Heiratsstrafe: Aargauer Regierung lässt CVP abblitzen – die zieht jetzt vor das Bundesgericht

Mit 50,8 Prozent Neinstimmen ist die CVP-Initiative gegen die Heiratsstrafe am 28. Februar 2016 knapp am Volksmehr gescheitert. Der Aargau stimmte ihr mit 52,79 Prozent zu. Die Initiative wollte die Diskriminierung verheirateter und eingetragener Paare gegenüber Konkubinatspaaren bei Steuern und Sozialversicherungen beseitigen. Die Gegner der Initiative argumentierten im Abstimmungskampf gerne mit einer Zahl des Bundes. Dass es «nur noch» 80 000 benachteiligte Paare gebe, zeige, dass die Heiratsstrafe weitgehend beseitigt sei.

Vor gut zwei Wochen informierte der Bundesrat, dass der Eidgenössischen Steuerverwaltung ein Rechenfehler unterlaufen war. Anstatt 80 000 Ehepaare sind 454 000 Ehepaare von der Heiratsstrafe betroffen. In acht Kantonen – auch im Aargau – reichte die CVP daraufhin eine Abstimmungsbeschwerde ein und verlangte, die Abstimmung zu wiederholen.

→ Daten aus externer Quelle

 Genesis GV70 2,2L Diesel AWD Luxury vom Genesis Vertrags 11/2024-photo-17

Regierungsrat ist nicht zuständig
Die Aargauer Regierung hat entschieden, nicht auf die Beschwerde von Grossrätin und CVP-Parteipräsidentin Marianne Binder einzutreten. «Die Abstimmungsbeschwerde fällt nicht in den Zuständigkeitsbereich des Regierungsrats», sagt Regierungssprecher Peter Buri. Der Regierungsrat dürfe «mangels Aufsichtsfunktion nicht auf Rügen zu Unregelmässigkeiten eintreten, die nicht auf das Gebiet des Kantons Aargau beschränkt sind». Damit folgt der Regierungsrat der Solothurner, Berner, Walliser und Basellandschaftlichen Regierung.

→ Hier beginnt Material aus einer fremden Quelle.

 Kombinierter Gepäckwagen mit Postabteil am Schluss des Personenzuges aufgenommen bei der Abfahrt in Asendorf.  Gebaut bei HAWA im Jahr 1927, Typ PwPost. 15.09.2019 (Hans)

Binder überrascht die Antwort des Regierungsrates nicht: «Es war zu erwarten, weil die Abstimmung eine kantonsübergreifende war», sagt sie. Der Rechtsweg führe aber über die Kantone. Sie werde nun beim Bundesgericht Beschwerde einreichen. Dort rechnet Binder mit guten Chancen, dass die Abstimmung wiederholt werden muss. «Der Rechenfehler war gravierend. Ein skandalöser Fall von Falschinformation.» Für eine Wiederholung der Abstimmung spreche ausserdem das äusserst knappe Resultat. «Wäre von Anfang an mit den richtigen Zahlen argumentiert worden, hätte es anstatt des knappen Neins ein Ja gegeben.» Rechne man die AHV-Bezüger dazu, seien es nicht nur 454 000 Paare betroffen, sondern über 700 000, also etwa 1,4 Millionen Personen, sagt Binder.

Da wäre noch die Standesinitiative
Zwar räumt sie ein, dass eine Wiederholung der Abstimmung mit einem grossen Aufwand verbunden ist. Sollte auch das Bundesgericht die Beschwerde abweisen, sieht Binder die in Bern hängige Standesinitiative aus dem Kanton Aargau als mögliche Lösung. Der Grosse Rat hatte diese Ende Juni 2016 überwiesen. Die Standesinitiative will in der Bundesverfassung festhalten, dass «die Ehe und eingetragene Partnerschaften in steuerlicher Hinsicht eine Wirtschaftsgemeinschaft von zwei Menschen bilden. Sie dürfen gegenüber anderen Lebensformen nicht benachteiligt werden, namentlich nicht bei den Steuern und den Sozialversicherungen.» Anders als der Initiativtext umschreibt die Formulierung der Standesinitiative die Ehe nicht mehr als Lebensgemeinschaft zwischen Mann und Frau.

Die kleine Kammer hat die Standesinitiative Ende Februar 2018 behandelt. 17 Ständerätinnen und Ständeräte unterstützten den Vorstoss aus dem Aargau, 25 lehnten ihn ab. Binder hält aber fest, dass die Zahlen auch im Ständerat ein Argument gewesen seien. Dass die richtigen – fünfmal höheren – Zahlen nun bekannt seien, könne der Forderung aus dem Kanton Aargau im zweitbehandelnden Nationalrat «Schub verleihen und die Paare kämen endlich – nach über 30 Jahren – zu ihrem Recht», sagt Binder.